Man könnte aber auch das Gegenteil behaupten: Alles, was man diesem Schriftsteller ohnehin immer schon an Exzentrizitäten und Abgründigkeiten zugetraut hat, wird jetzt auf wahrhaft durchgeknallte Art noch einmal bestätigt und sogar übertroffen.

Es geht um den Dichter Rudolf Borchardt, geboren 1877 in Königsberg, gestorben im Januar 1945 in Tirol. Lyriker, Kulturessayist, Übersetzer, begnadeter Polemiker und ein hochtouriger Selbststilisierer. Darin war er seinem Gegenspieler Stefan George nicht unähnlich, den er indes, vermutlich wegen dieser Ähnlichkeit, von Herzen hasste.

Borchardts Markenzeichen: radikaler Manierismus, elitäres Formbewusstsein. Sein selbst proklamiertes Programm: "schöpferische Restauration". Für seine Dante-Übersetzung schuf er eine eigene Kunstsprache, eine Mischung aus alemannischem Dialekt und einem geträumten Mittelhochdeutsch, mit der verglichen Dantes italienisches Original leicht zugänglich ist.

Jetzt ist aus seinem Nachlass ein Manuskript aufgetaucht. Und es ist ausgerechnet: ein Porno. Ein autobiografischer pornografischer Roman, dem der Herausgeber Gerhard Schuster den Titel Weltpuff Berlin gegeben hat. Wenn man nun annimmt, dass bei einem so lyrischen Feingeist wie Borchardt ein irgendwie sublimierter, geistig veredelter Porno herauskommen müsste, also weniger Trieb und dafür mehr Metapher, hat man sich geschnitten: Rein quantitativ, also gemessen an der Anzahl der Kopulationen pro Buchseite, stellt Borchardts Ausflug ins Reich der Sinne alles in den Schatten, was das Genre sonst zu bieten hat.

"Jungfrauen sind wir nicht, aber reine Mädchen mit anständigem Herzen"

Doch Weltpuff Berlin ist zugleich ein soziologisch sehr informierter Gesellschaftsroman, denn alle Frauen, mit denen der Protagonist ins Bett fällt, werden genauestens beschrieben, was ihre Herkunft, ihre Berufstätigkeit, ihre kulturellen Vorlieben, ihren Kleidungsstil, ihre Sehnsüchte und ihr Selbstbild betrifft. Alle Milieus, vom Hausmädchen bis zur Gräfin, vom Naturkind bis zum Vamp, sind vertreten, und alle Frauen verbindet ein unverklemmtes Verhältnis zu ihrer Lust. Sie nehmen sich, was sie wollen, und sind so explizit, als läge die sexuelle Revolution hinter ihnen. Ist das Ausdruck ihrer Selbstbestimmung oder eher die Männerfantasie Borchardts? Jedenfalls kommt die Autonomie der Frauen dem erotischen Appetit des Erzählers entgegen. Oder wie es eine von zwei Schwestern, die sich den "Rudi" teilen, einmal sagt: "Jungfrauen sind wir nicht, das gibt’s heut bei allein erwerbenden Mädeln überhaupt nicht, aber wenn nicht schon Liebe unrein macht, sind wir reine Mädchen mit anständigem Herzen."

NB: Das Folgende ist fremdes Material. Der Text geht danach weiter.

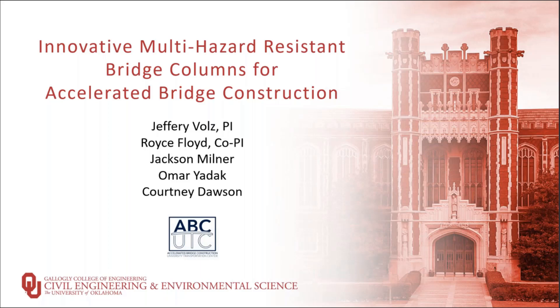The next presentation is from the University of Oklahoma. Dr. Jeffrey Woltz is going to talk on innovative multi-hazard resistant bridge columns for ABC.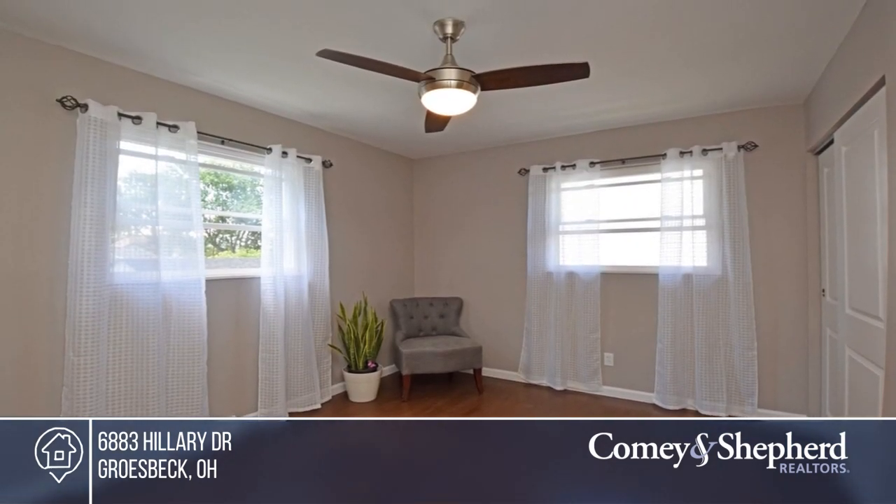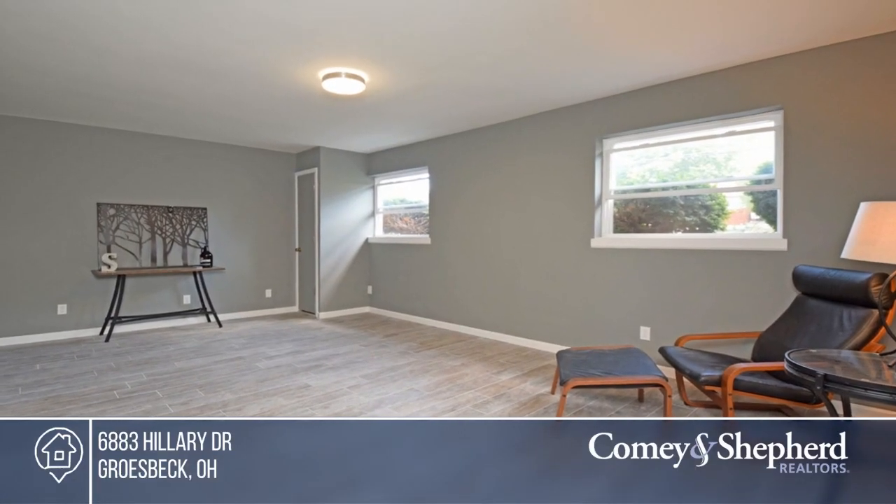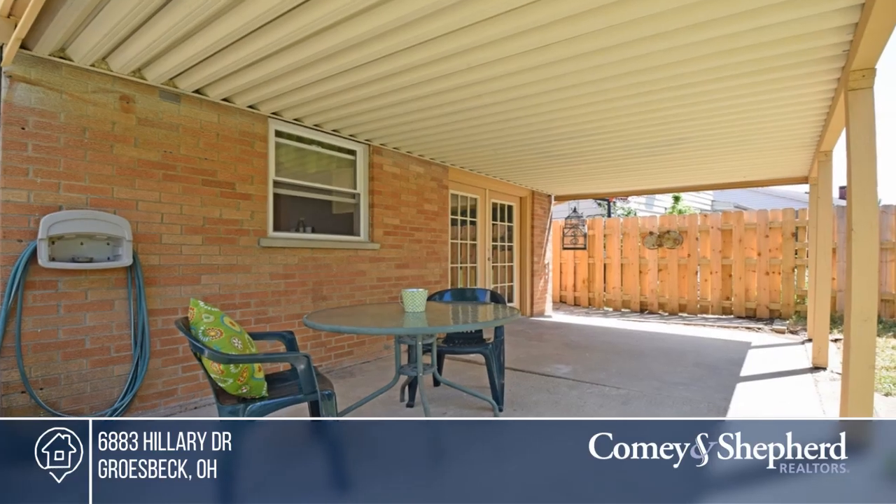This is just like a new home — you don't want to miss this opportunity. Call Greg to schedule a tour today.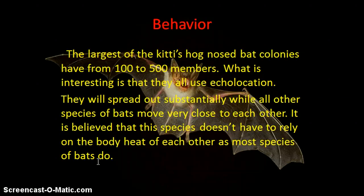They will spread out substantially while all other species of bats move very close to each other. It is believed that this species doesn't have to rely on the body heat of each other, as most species of bats do, which is quite interesting.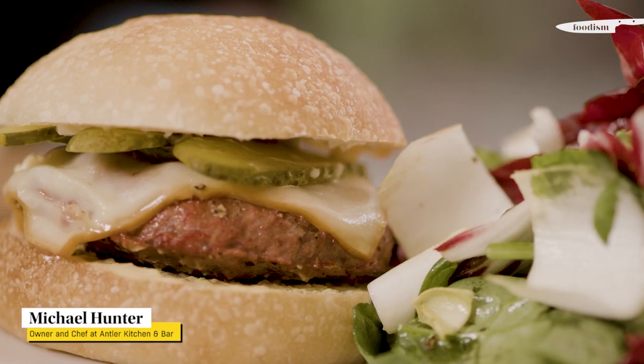I'm Michael Hunter in the kitchen with Foodism and today I'm cooking Antler's game burger with Traeger grills.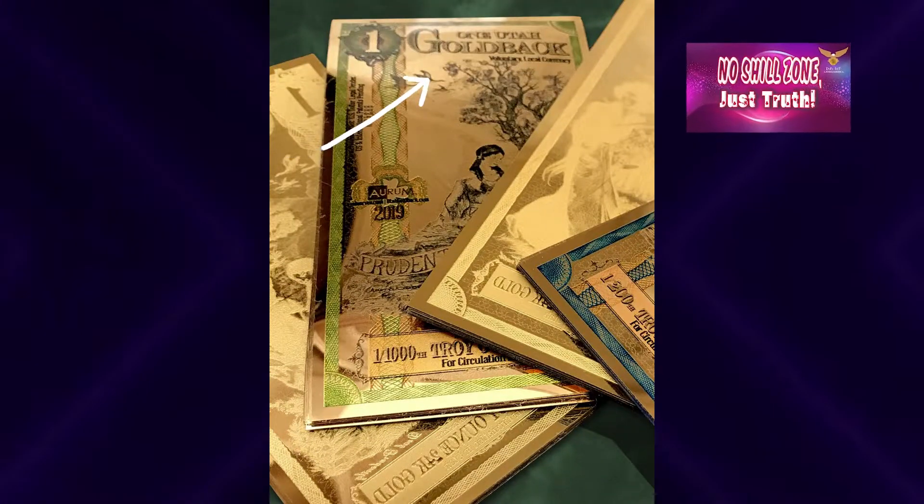What I want to talk about today are called goldbacks, and they are bills backed by gold. I talked about this before, showing you what they were and why I liked them.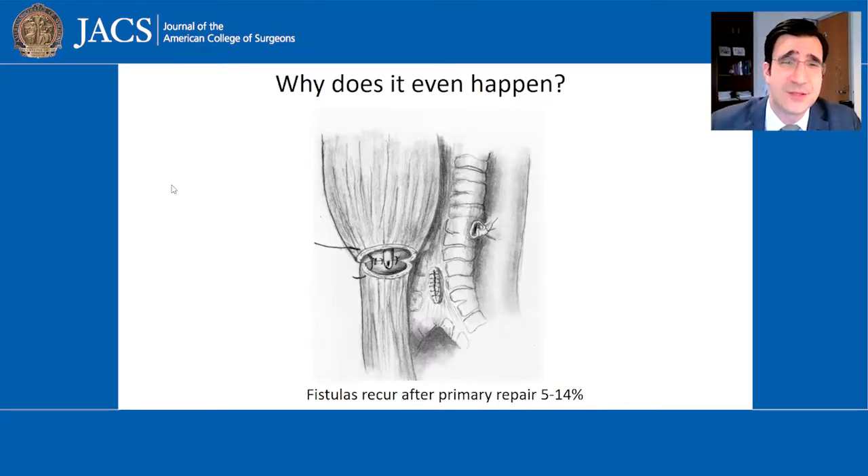As depicted in this illustration, the reason why they happen is because the repair of the esophagus and the repair of the trachea are often left next to each other, and so a problem with either of the repair sites can lead to a recurrence of the tracheoesophageal fistula, which unfortunately happens between 5 to 14 percent of the time.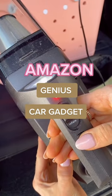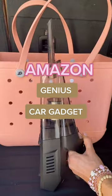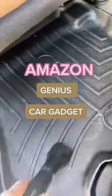It also comes with an LED light and three brush heads that allow you to get into every crevice of your car for a deep clean. I also love that the inflate function of this gadget works on pool toys and sports equipment too.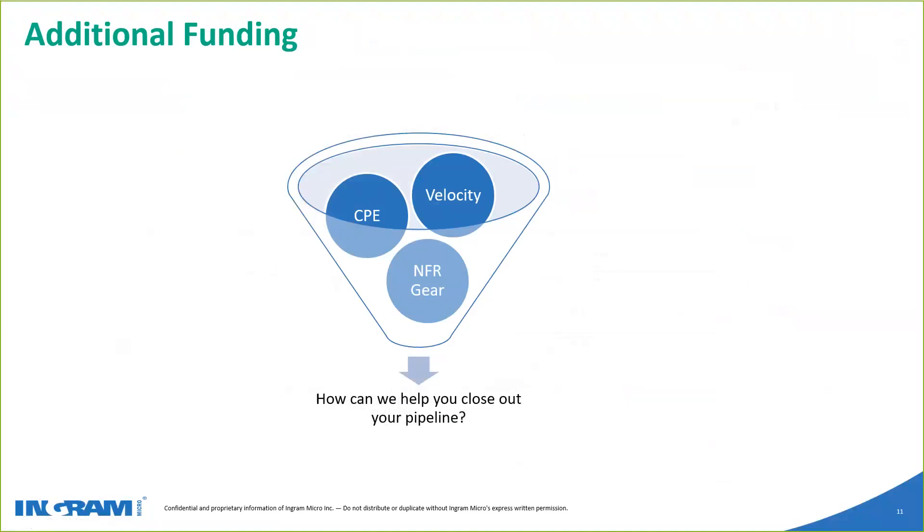Those are the Aruba promos for Q3. Now touching on some additional things specific to Ingram — three different buckets of funding we can help you out with. CPE stands for Competitive Pricing Edge Funds. Those are for situations where you're going up against another vendor — take Ubiquiti for example. If you're already using the AP Switch promo and the Power Pack promo but Ubiquiti is still beating you, you can come to us and we'll apply for CPE funds for you. It's 10% of your overall opportunity based on the net sale. It is not eligible for E-Rate, but for any other opportunity it's pretty much a shoo-in — we can get that approved from HPE and apply it to your quote.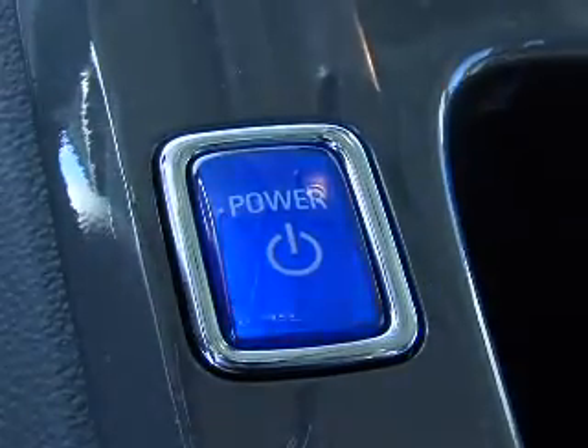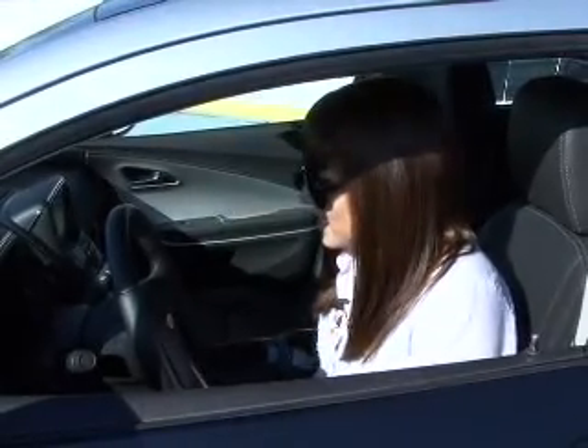All I have to do is press the power button and it starts the car up and you can't even hear it running. You get in this, you push the button and there is no engine that starts.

Weltpuff Berlin ist ein fiebriges Sittengemälde des Berlins um 1900. Zwischen den Akten, wenn der viel gefragte Icherzähler Rudolf Borchardt (er trägt den Namen seines Autors) von einem Bett zum nächsten muss, sieht man ihn am Straßenrand stehen und nach einem Taxi winken, um dann durch Berlin zu "brausen" (ein Lieblingswort Borchardts). Der Stadtraum strahlt bereits etwas von der ungesunden Erregtheit expressionistischer Großstadtgemälde aus. Es ist auch ein Roman der Beschleunigung, und das nicht nur, weil sein Protagonist angesichts seiner Gefragtheit öfter außer Atem kommt. Ganz im Sinne des Zeitalters der Nervosität heißt es einmal: "Dann sass ich kribblig nervös ruhelos vor meinem Beefsteak, wie ein in einem Kasten auslaufender Kreisel, der überall an Wände prallt, aber zu viel Wirbel hat, um umzufallen."

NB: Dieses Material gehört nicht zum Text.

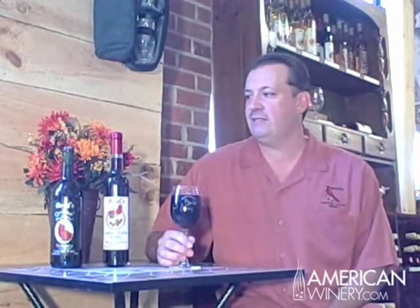We are a very small winery. I am the owner, winemaker, labeler, bottler, and just about everything else around here. My name is Chris and I'll be explaining a little bit about the winery and go through that stuff with you.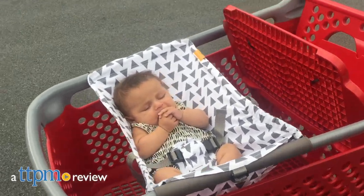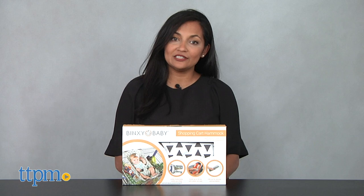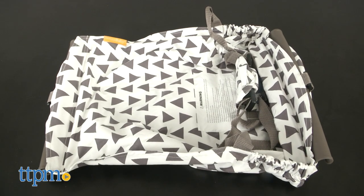A shopping cart hammock for baby. Hi everyone, this is Maria with TTPM, and here we have Binksy Baby. This is a fabric shopping cart hammock for your baby.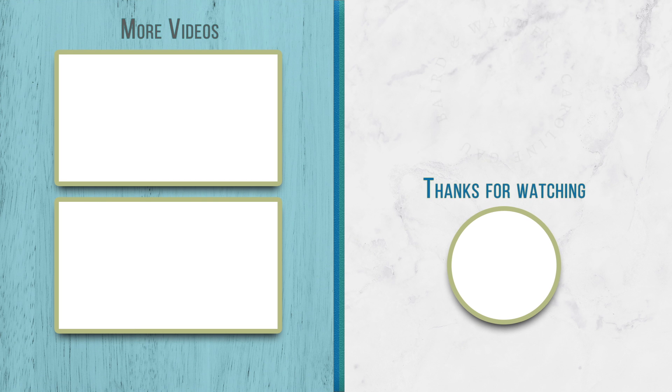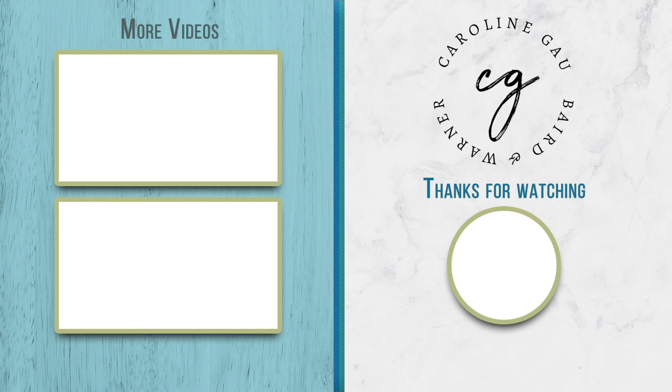Subscribe to my YouTube channel at Caroline Gao. Every Tuesday we post new content of local businesses, renovation projects, and market updates to keep you in the know in Northbrook. Bye for now.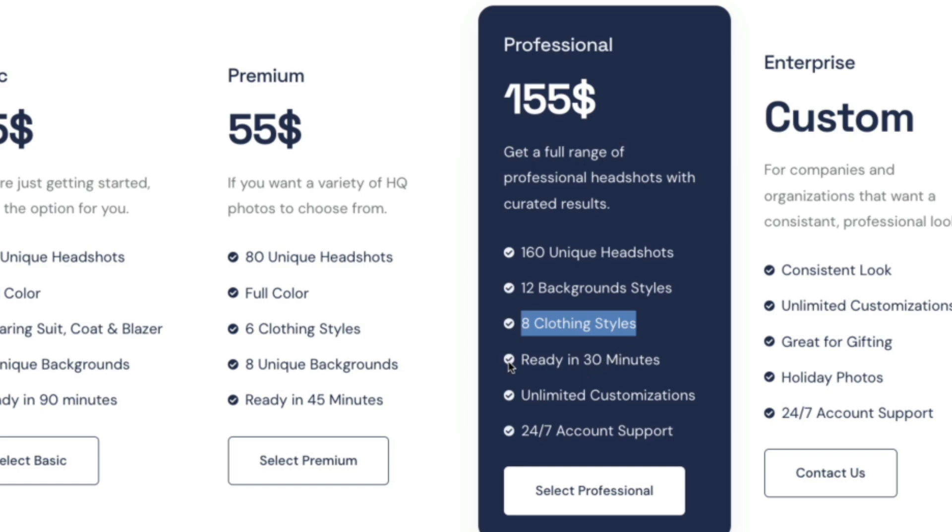This is going to be ready in 30 minutes — that is the selling point. If you want it fast, this is the plan I recommend. You also get unlimited customization and 24-hour account support, so you have customer service around the clock if you have any problems. I recommend the professional plan.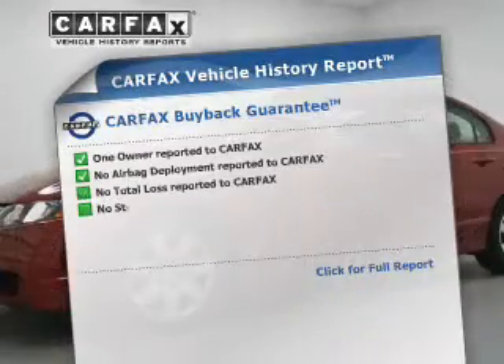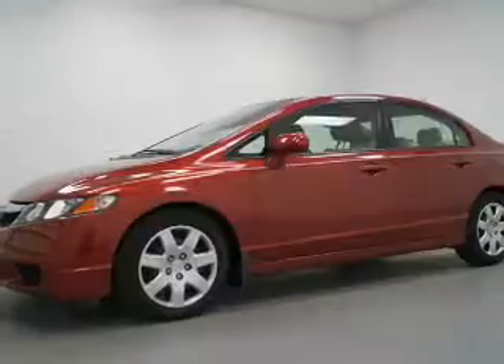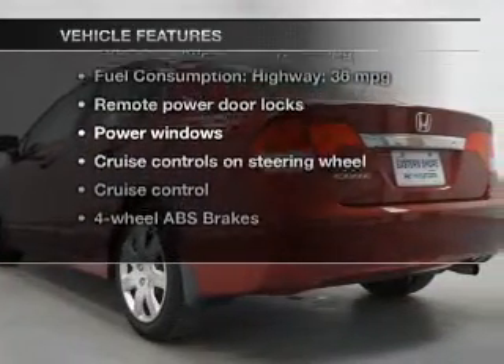An included Carfax vehicle history report allows you to purchase with confidence and the knowledge that your buy was a smart choice. And with these notable features, you won't want to miss out on the opportunity to own this amazing ride.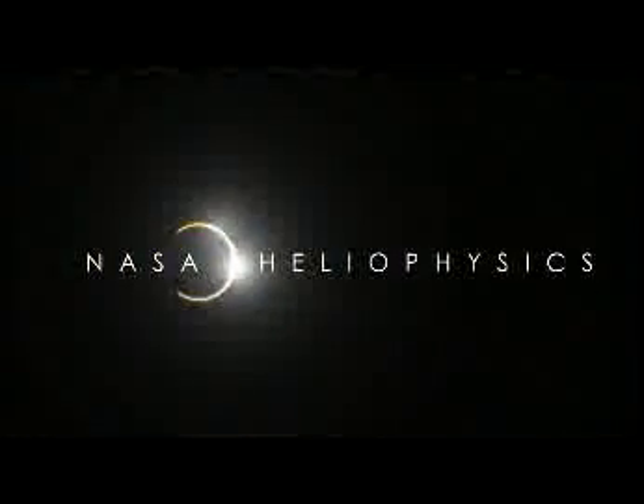As our life-giving star, we are dependent on the Sun. As we learn more about it, we will better understand our home, our neighbors, and our place in the solar system. We can then apply this knowledge to our journeys in space, and most importantly, to our lives here on Earth.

Die Verbindung aus Dauervögelei und Sprachmächtigkeit hat etwas sowohl Groteskes wie Faszinierendes. Schon der erste Satz des Romans kann es mit Novellenanfängen aus der Feder Heinrich von Kleists aufnehmen: "Ich war ein junger Mensch von vierundzwanzig Jahren, als ich in der Universitätsstadt G etwas ausgefressen hatte und mit allen Anzeichen der Familienschande nach kurzem Zwischenakte nach Berlin ins elterliche Haus befohlen wurde." Die Eröffnungsszene des Romans entspricht der biografischen Situation Rudolf Borchardts im Jahr 1901. Auch dem realen Vater Borchardts, einem vermögenden jüdischen Bankier, war der Geduldsfaden gerissen, weil der Sohn seine altphilologischen Studien nicht abschloss, sondern sich von der Familie aushalten ließ.